On the specific proposal: I wonder if instead of specifying the unit for a specific prop (“all durations are in seconds”), it might make sense to specify the domain - time, weight, size - and then parse the value based on that?
Hadn’t thought of that. Would we still have one base/default unit and FtM would just convert to that unit transparently when you add a value?

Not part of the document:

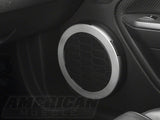SpeedForm Modern Billet Speaker Trim Rings; Satin (05-09 Mustang)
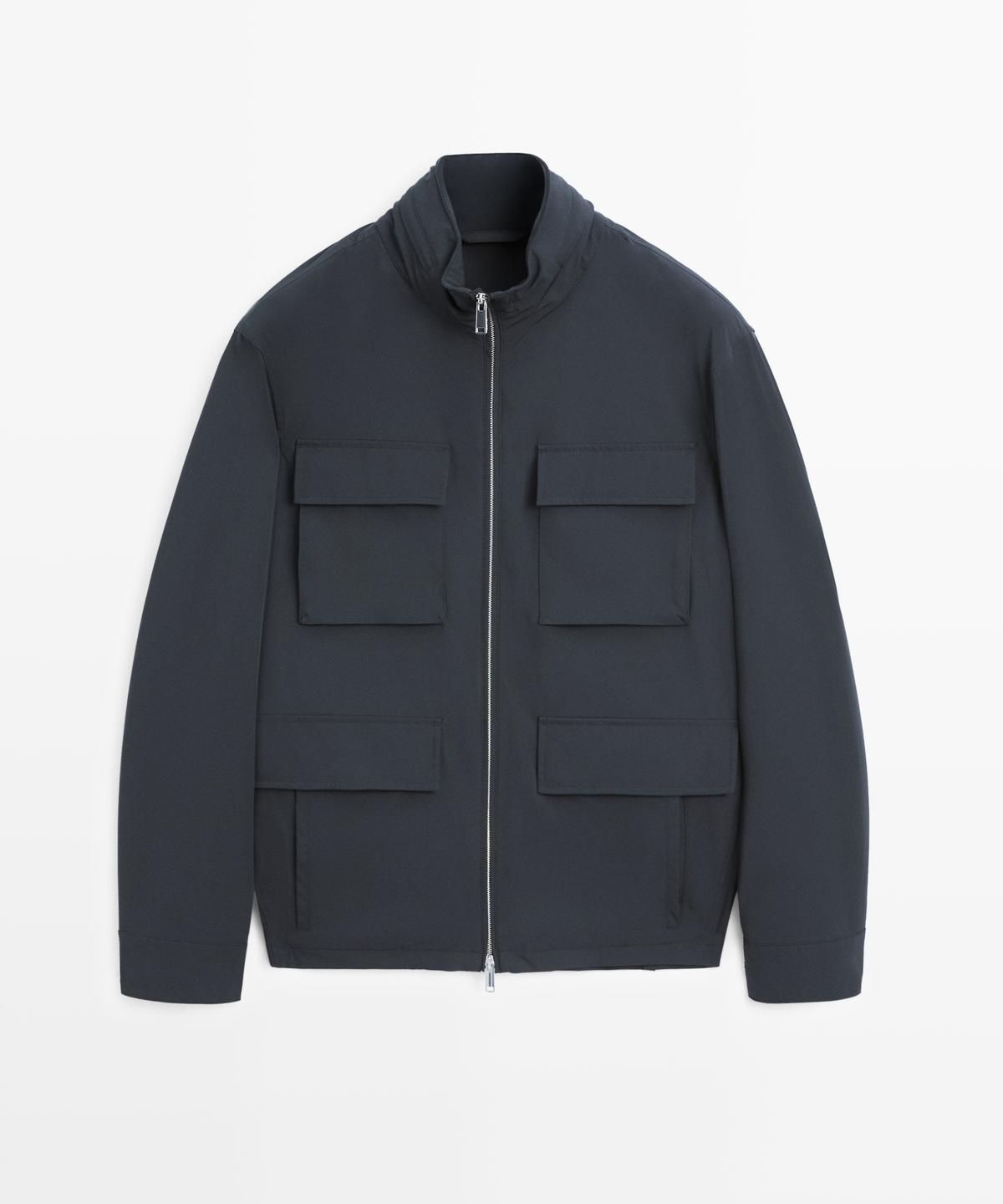 마시모두띠(MASSIMO DUTTI) 신축성 있는 패브릭 재킷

entity.add("area", "2000 sqft") # or
entity.add("area", 2000, unit="sqft")
entity.first("area") # would return `185.8061` if the base unit is sqm
Overview of number properties
Some of them already specify a unit in the description (although that of course doesn’t mean everyone adding values to these properties is aware of that):
Property |
Description |
Unit |
Audio:duration |
Duration of the audio in ms |
milliseconds |
Audio:samplingRate |
Sampling rate of the audio in Hz` |
Hertz |
Video:duration |
Duration of the video in ms |
milliseconds |
Call:duration |
Duration in seconds |
seconds |
It’s a bit unfortunate that Audio:duration
uses milliseconds and Call:duration
uses seconds.
Some specify a unit in the property name:
Property |
Unit |
Vessel:tonnage |
GT |
Vessel:grossRegisteredTonnage |
GRT |
There are some properties that are just counts/indices and essentially “unit-less”:
Property |
Position:numberOfSeats |
Page:index |
Table:rowCount |
CallForTenders:numberOfLots |
CallForTenders:maximumNumberOfLots |
The Document
schema probably is primarily used by Aleph/ingest-file, so we could use that as a reference (it uses bytes) even though the FtM model currently doesn’t specify a unit?
Property |
Unit |
Document:fileSize |
bytes |
These properties are new and were added primarily for OpenSanctions, right? I checked a few random OS crawlers and they were all using meteres and kilograms for these properties. If this is the case for all of your crawlers, we could use that as a reference?
Property |
Unit |
Person:height |
meters |
Person:weight |
kilograms |
Currencies may be a special case, but I think we could probably treat currencies as units?
Property |
Note |
Unit |
BankAccount:balance |
Balance in the original currency specified by BankAccount:currency |
|
BankAccount:maxBalance |
Max balance in the original currency specified by BankAccount:currency |
|
Value:amount |
Value in the original currency specified by Value:currency |
|
Value:amountUsd |
|
USD |
Value:amountEur |
|
EUR |
CryptoWallet:balance |
Balance in the currency of the wallet specified in CryptoWallet:balance |
|
That leaves us with the following properties. I’ve had a look at some of our datasets and mappings and the situation is indeed messy 
Property |
Note |
RealEstate:latitude |
Degrees as a decimal number seems common, but other notations are sometimes used. |
RealEstate:longitude |
See above. |
RealEstate:area |
Seems to be sometimes mistaken with the name of the region, otherwise a mix of hectare, squarefoot, squaremeters. Values are often unitless and depend on context/dataset, so even detecting the unit wouldn’t work. |
Similar:confidenceScore |
Don’t think this is actively used by anyone? |